Derzeit ist das Projekt in der Konzeptionsphase, greift dabei aber bereits auf umfassende Erfahrungen von hema zurück. Das Unternehmen hat bereits zahlreiche Systeme entwickelt, die mehrere System-on-Modules für die optimierte Signaldatenverarbeitung in Multikamera- und Multisensor-Systemen kombinieren. Sie kommen in professionellen Serienprodukten zum Einsatz, unter anderem in der Defense-Branche, wo hohe Ansprüche an Zuverlässigkeit und Latenz gestellt werden.
Der Fokus der Aktivitäten liegt derzeit auf der Entwicklung eines Hardware-Konzepts, bei dem FPGA-Module und GPU-Module integriert sind, sowie auf der dafür notwendigen Konfiguration von Schnittstellen, auf der Optimierung der internen Signalverarbeitung und auf der effizienten Datenverteilung. Parallel wird die nötige Software entwickelt, besonders auch im Hinblick auf die Optimierung von Speicherbedarf und Rechenleistung für den Einsatz in einem Embedded-System.

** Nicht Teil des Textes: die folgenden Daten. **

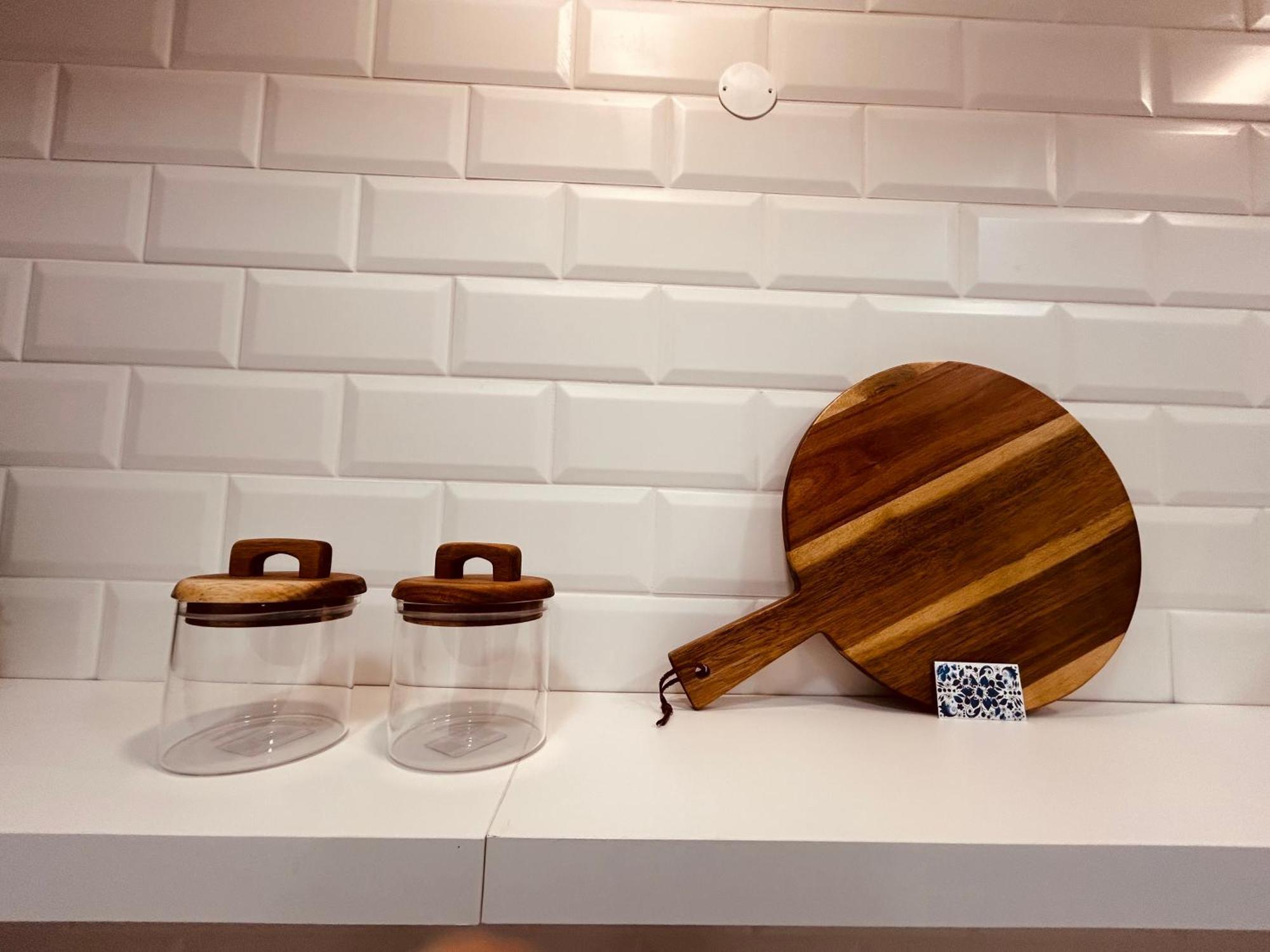 Apartamento Camoes Deluxe Bairro Alto Lisboa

Das Projekt soll zeigen, dass eine Kombination von FPGA- und GPU-basierten Recheneinheiten in einem Elektronikdesign die Effizienz der Datenverarbeitung steigert und eine sinnvolle Nutzung der jeweiligen Vorteile ermöglicht. Gleichzeitig zeichnen sich solche Embedded-Vision-Systeme durch Energieeffizienz und kompaktes Design aus. In Verbindung mit modularem Design von Hardware und Software sowie umfassender Skalierbarkeit durch die Integration verschiedener System-on-Modules mit FPGAs und GPUs ergeben sich darüber hinaus kürzere Entwicklungszeiten bis zur Serienreife sowie Kostenvorteile für den gesamten Lebenszyklus der Projekte. Während die Erkennung von Personen und Objekten einerseits ein häufiger Use-Case für solche Elektroniken ist, soll die Technologie generell auch auf andere Anwendungen übertragbar sein, in denen Echtzeit-Anforderungen, geringe Latenz und der Einsatz von KI-Modellen möglich und gefragt sind.